# WORK ITEM:
I would like the records restated word for word, without the pictures.

# Captioned web image data:
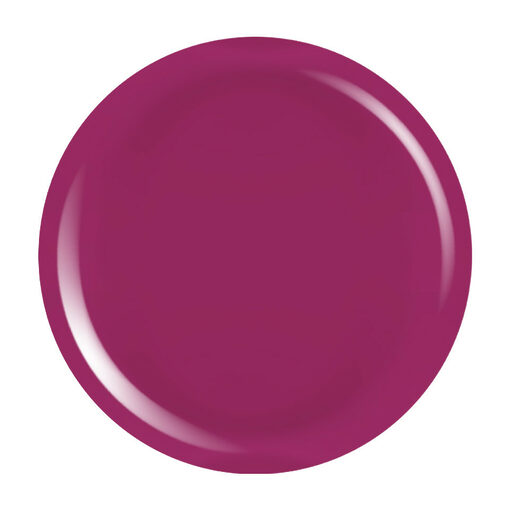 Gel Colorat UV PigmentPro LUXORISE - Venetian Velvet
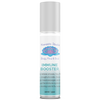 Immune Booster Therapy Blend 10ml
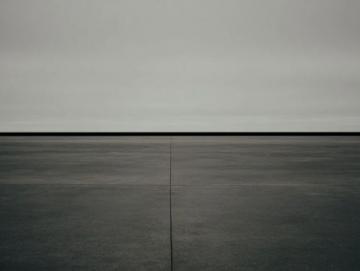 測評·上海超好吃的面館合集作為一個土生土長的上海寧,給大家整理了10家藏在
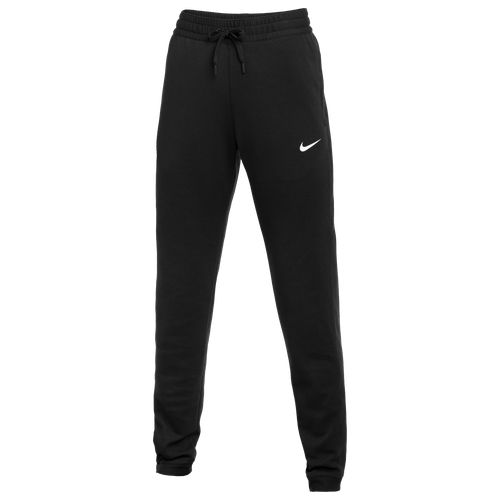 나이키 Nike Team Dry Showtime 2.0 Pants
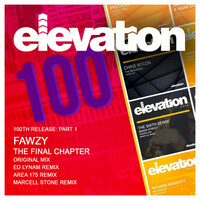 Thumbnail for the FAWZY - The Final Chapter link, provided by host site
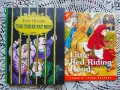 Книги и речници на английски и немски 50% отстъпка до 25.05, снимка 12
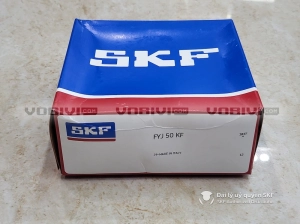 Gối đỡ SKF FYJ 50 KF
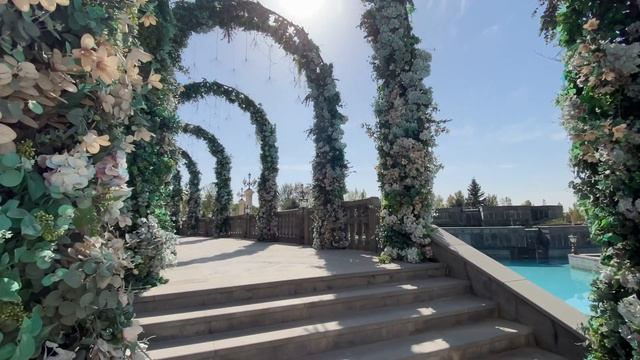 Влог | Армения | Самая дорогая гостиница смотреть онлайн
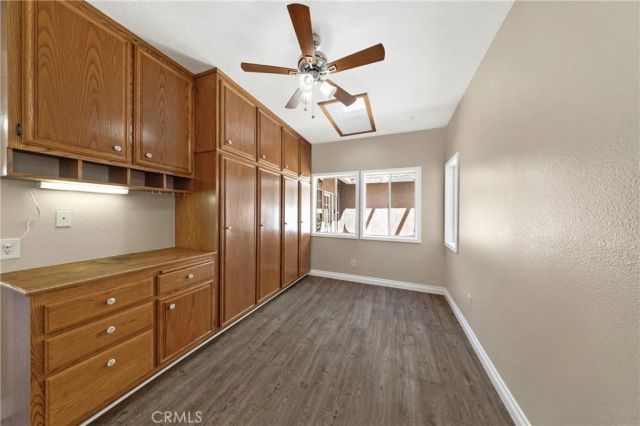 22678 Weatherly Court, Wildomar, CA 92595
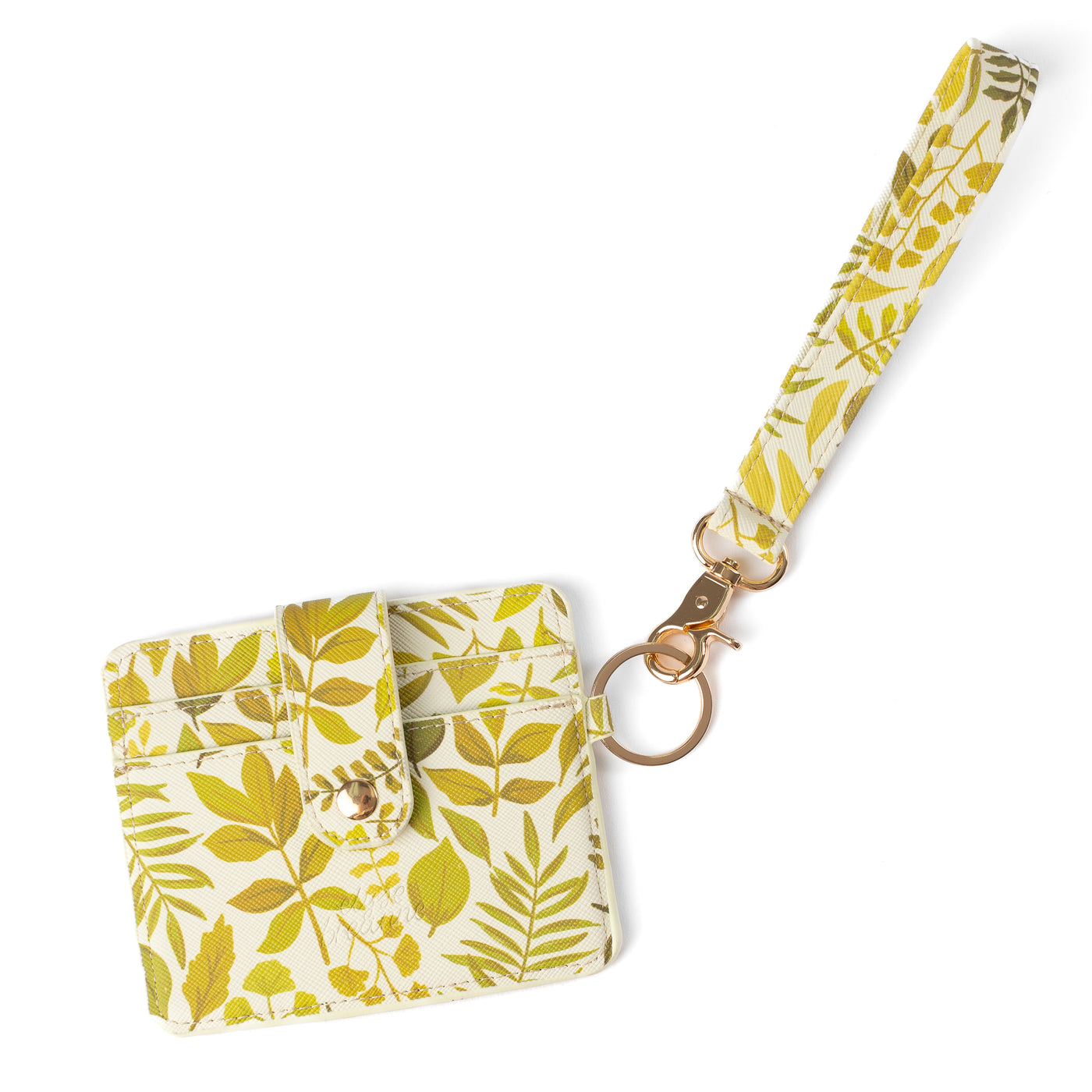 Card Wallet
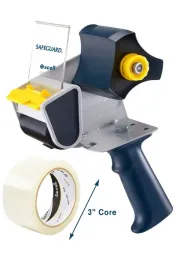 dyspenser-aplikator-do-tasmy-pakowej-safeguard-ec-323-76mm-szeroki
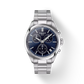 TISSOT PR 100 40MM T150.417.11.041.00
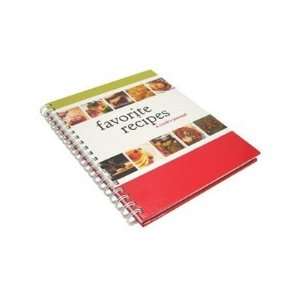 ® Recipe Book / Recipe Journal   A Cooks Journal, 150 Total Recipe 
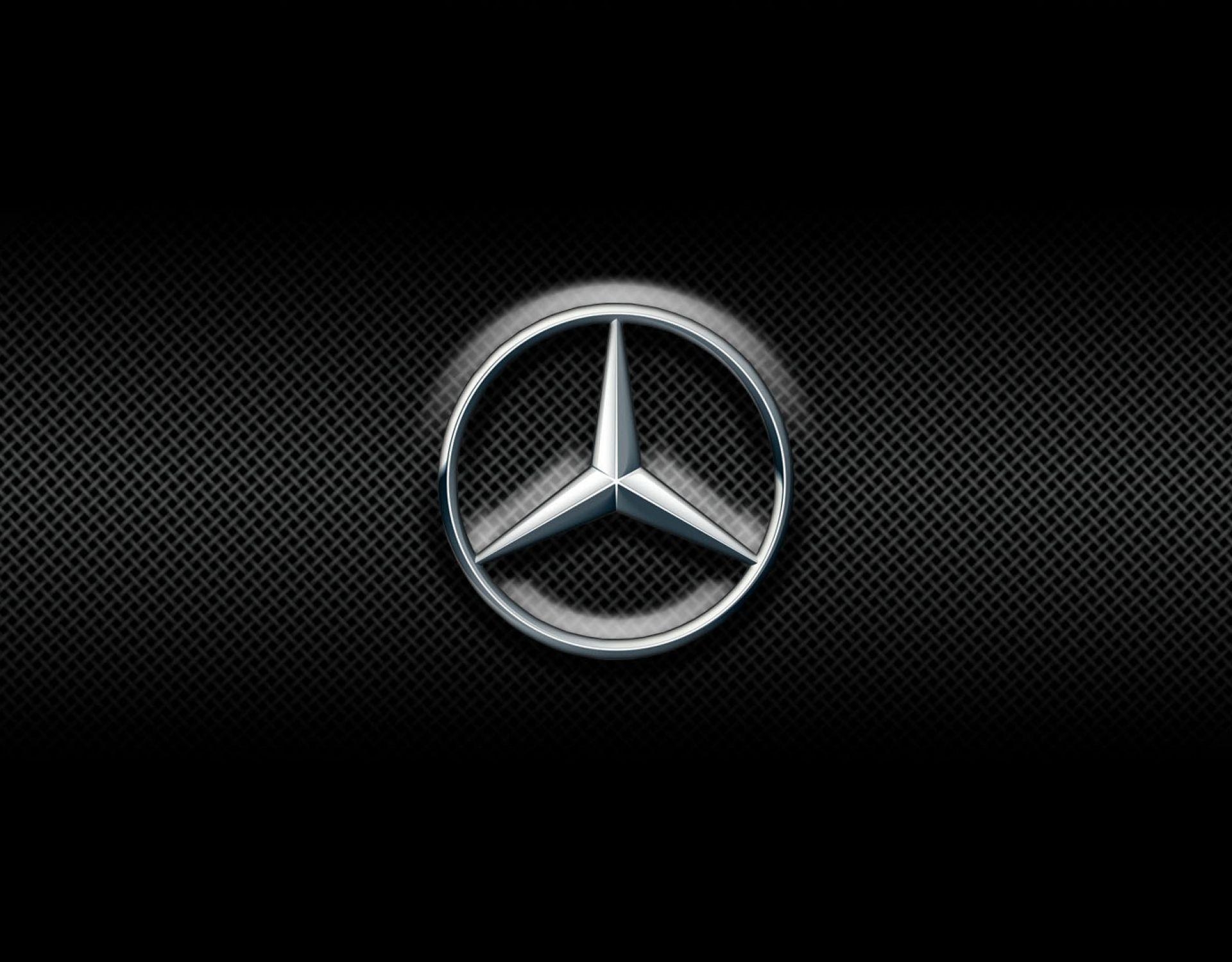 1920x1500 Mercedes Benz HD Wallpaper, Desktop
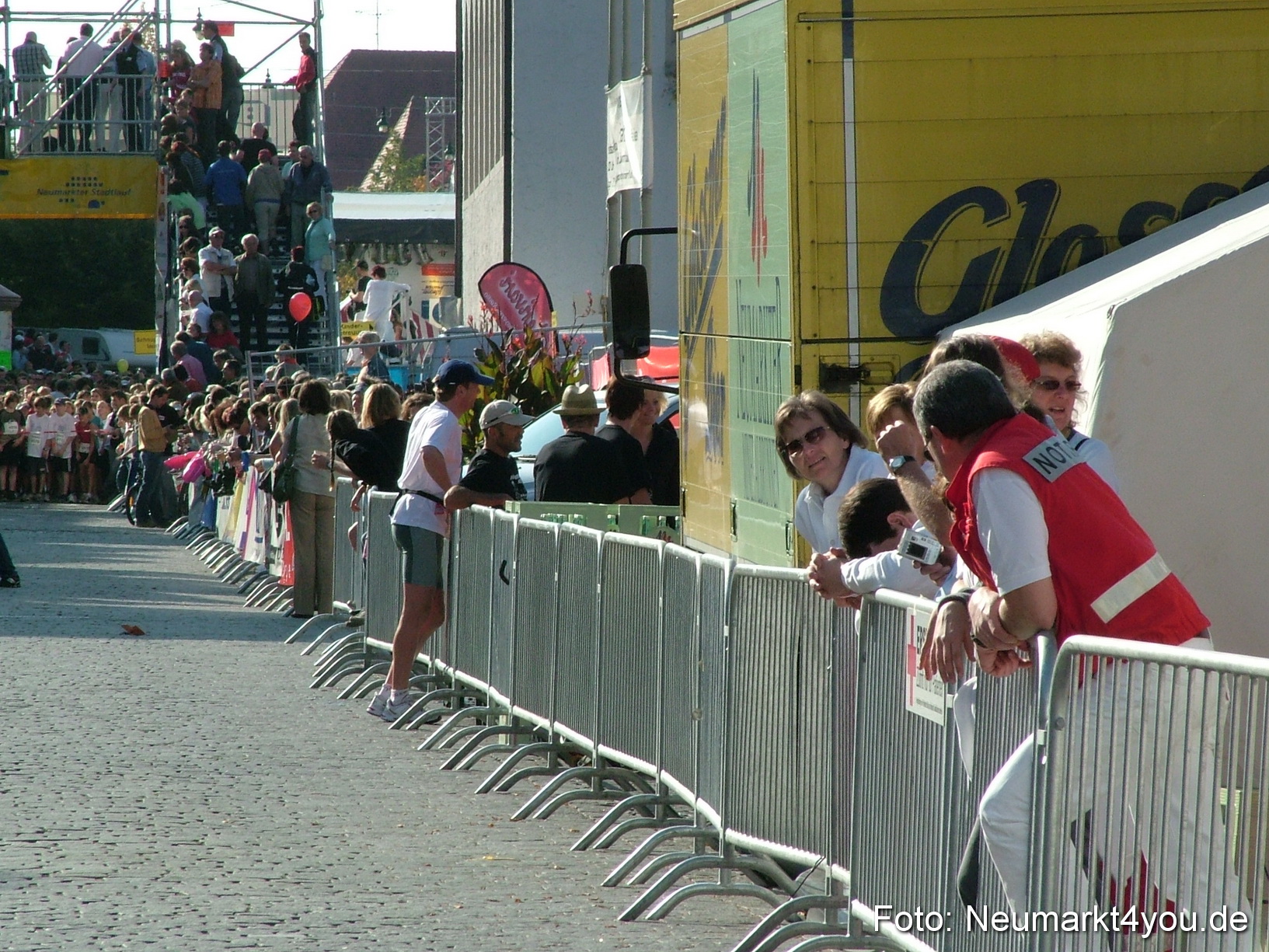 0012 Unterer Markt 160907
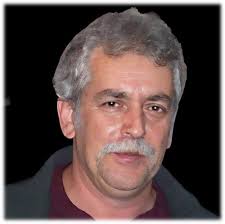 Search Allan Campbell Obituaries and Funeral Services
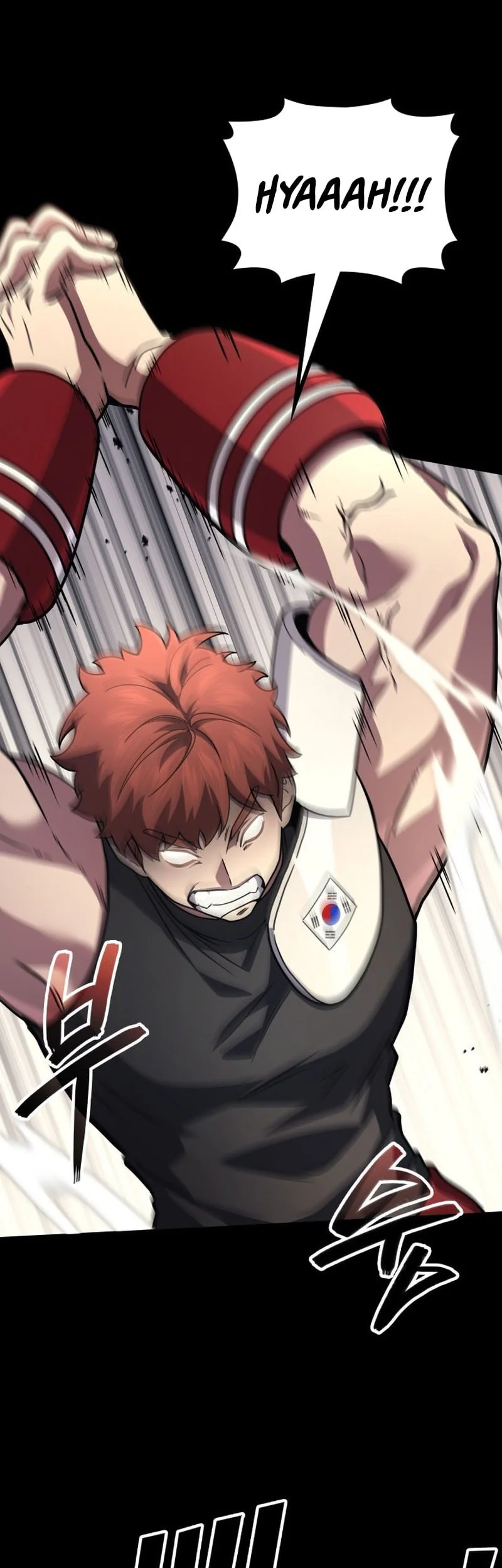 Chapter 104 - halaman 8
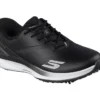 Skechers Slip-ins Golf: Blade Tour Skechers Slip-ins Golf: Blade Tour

# RESPONSE:
 Gel Colorat UV PigmentPro LUXORISE - Venetian Velvet
 Immune Booster Therapy Blend 10ml
 測評·上海超好吃的面館合集作為一個土生土長的上海寧,給大家整理了10家藏在
 나이키 Nike Team Dry Showtime 2.0 Pants
 Thumbnail for the FAWZY - The Final Chapter link, provided by host site
 Книги и речници на английски и немски 50% отстъпка до 25.05, снимка 12
 Gối đỡ SKF FYJ 50 KF
 Влог | Армения | Самая дорогая гостиница смотреть онлайн
 22678 Weatherly Court, Wildomar, CA 92595
 Card Wallet
 dyspenser-aplikator-do-tasmy-pakowej-safeguard-ec-323-76mm-szeroki
 TISSOT PR 100 40MM T150.417.11.041.00
 ® Recipe Book / Recipe Journal   A Cooks Journal, 150 Total Recipe 
 1920x1500 Mercedes Benz HD Wallpaper, Desktop
 0012 Unterer Markt 160907
 Search Allan Campbell Obituaries and Funeral Services
 Chapter 104 - halaman 8
 Skechers Slip-ins Golf: Blade Tour Skechers Slip-ins Golf: Blade Tour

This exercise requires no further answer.